After that, he was thinking about the fight. That first fight and others down the line. Bigger ones, better ones. He was thinking about how he’d win several world titles and then retire rich and undefeated. All in good time, he thought. All in good time.
Even when the first bell rang, Groves, now officially a pro, couldn’t stop thinking.
“During the first 30 seconds all I’m thinking about is not getting hit,” he once explained to me. “I don’t want to give anything away early.
“As an amateur I knew whether I’d won a fight or not in the first 30 seconds. If I’m finding it easy to protect myself and am spotting openings, I know the fight is mine, even that early. I can gauge and assess everything in that first round. It’s not about starting quickly or aggressively; it’s about starting correctly and giving nothing away.
“I get just as much confidence from knowing my opponent is struggling to land and struggling for confidence as I do from landing my own shots. It makes me feel warm and fuzzy inside.
“I’m happy to go a whole first round and watch nothing happen, because I’m ready for that. I’m planning on that. My opponent will likely see things the other way, though, and will need to land something to ease their way into the fight. If they’re not expecting a stalemate, that alone can be enough to f**k with their head.
“It takes a lot of confidence in your own ability to box without punching because the common reaction to stress is to go out there and do what we do naturally: fight and scrap for every possible advantage. That’s the way most fighters approach the first round of a fight because it’s the quickest way to shed insecurity and doubt.”

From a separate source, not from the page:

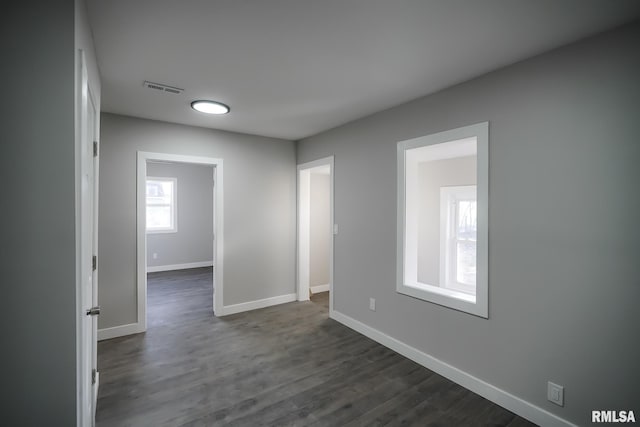 unfurnished room featuring dark wood-style floors, baseboards, and visible vents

To a greater degree than most, Groves thinks about what might go wrong in the ring and reckons the greatest fear for any boxer is being caught clean and cold in the very first round, thus forever blighted by a first round knockout defeat on their record. Boxing, he thinks, is cruel and unforgiving like that, and defeats, three of them, two by stoppage, have shown this to be true. If only momentarily, they dented his pride, stunted his progress and forced him to rebuild. They changed his team. They changed his style. Crucially, they changed his thought process.
“Being in the ring opposite a seminaked man with tiny gloves on trying to take your head off is about as far from enjoyable and fun as you can get,” said Groves. “I hate the sense of danger. It’s not something I chase my life. But, when it comes to boxing, I’d be lying if I said it didn’t get me going.
“It feels like you’re being tickled. On one hand it’s the worst feeling in the world and you want it to stop, but, at the same time, you’re giggling and kind of enjoying it, too. Boxing and tickling share a lot in common.”
Ricky Hatton used to think boxing was no tickling contest and would repeat this after many of his fights. A line said to emphasise the fact that getting hurt and feeling pain was a by-product of the sport, it also went some way to summing up the Mancunian’s style and personality and explaining the welts on his face.
Yet, Groves’ tickling analogy is the better of the two. Unlike Hatton’s, it isn’t played for laughs. It reveals more. There is an honesty to it, some insight, and, most of all, a greater amount of thought behind it.
Frankly, Groves, the only boxer for whom completing a Rubik’s Cube at a press conference seems the done thing, has a better way of humanising his profession than most. It’s why he remains a fascinating interview, whether in victory or defeat, and why his name, whether attached to Carl Froch, James Degale or now Callum Smith, will always generate interest. The thinking man’s fighter, Groves challenges the notion that a boxer should be seen and not heard. “Fights are won mentally, not physically,” he understood shortly after turning pro. “Physically, you can only do what your brain tells you to do. If your brain gives up, no amount of huffing and puffing will get you through it. You don’t stand a chance.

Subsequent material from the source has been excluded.